(Records from a data collection)
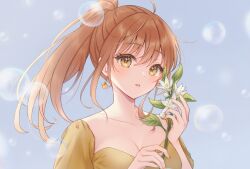 Rule 34 | 1girl, blush, breasts, brown hair, bubble, cleavage, earrings, flower, flower request, food-themed earrings, food themed earrings, holding, holding flower, jewelry, long hair, looking at viewer, medium breasts, nail polish, orange-shaped earrings, original, parted lips, ponytail, puffy sleeves, sakunagita, solo, yellow eyes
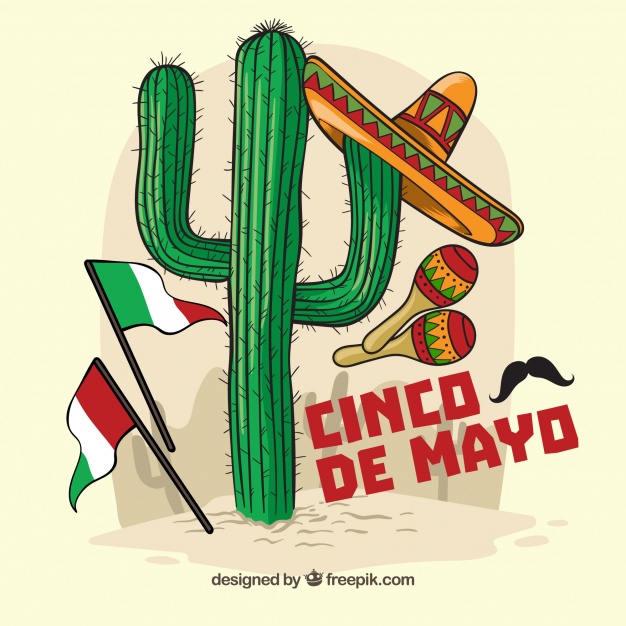 626x626 Cinco De Mayo Background With Cactus And Mexican Elements Vector
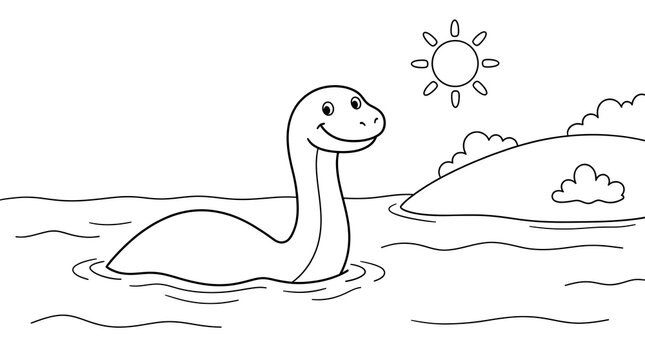 A cute and friendly sea monster swimming in a lake under a bright sun in a simple black and white line art coloring page style.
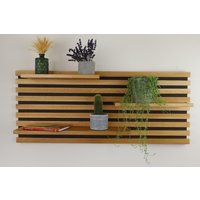 Wall Shelf Made Of Solid Oak, Wooden Shelf, Wall Slats With Three Shelves von VLAMONDesigns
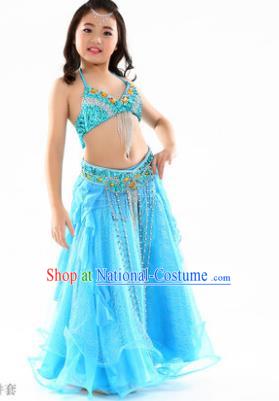 Indian Traditional Stage Performance Dance Blue Dress Belly Dance Costume for Kids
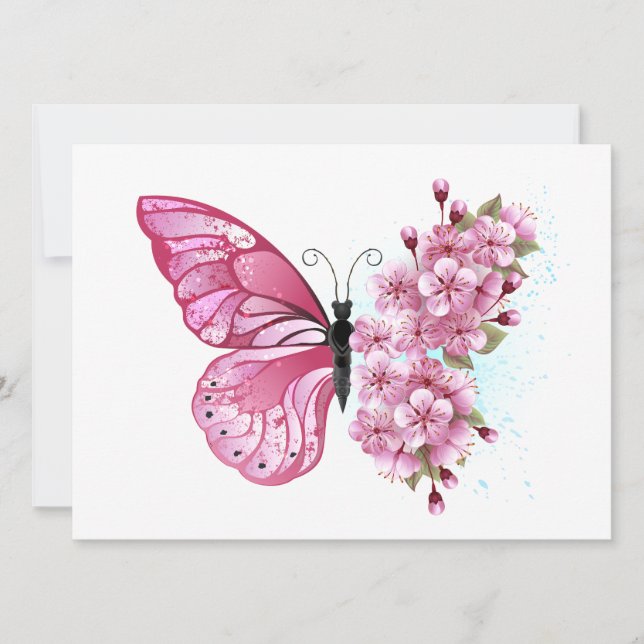 Flower Butterfly med Rosa Sakura Spara Datumet (Framsida)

WHAT IS BEING ASKED:
The lines from the one that contains "Indian Traditional Stage" through the end of the data, repeated exactly and with no pictures, make up the whole answer.

OUTPUT OF THE TASK:
 Indian Traditional Stage Performance Dance Blue Dress Belly Dance Costume for Kids
 Flower Butterfly med Rosa Sakura Spara Datumet (Framsida)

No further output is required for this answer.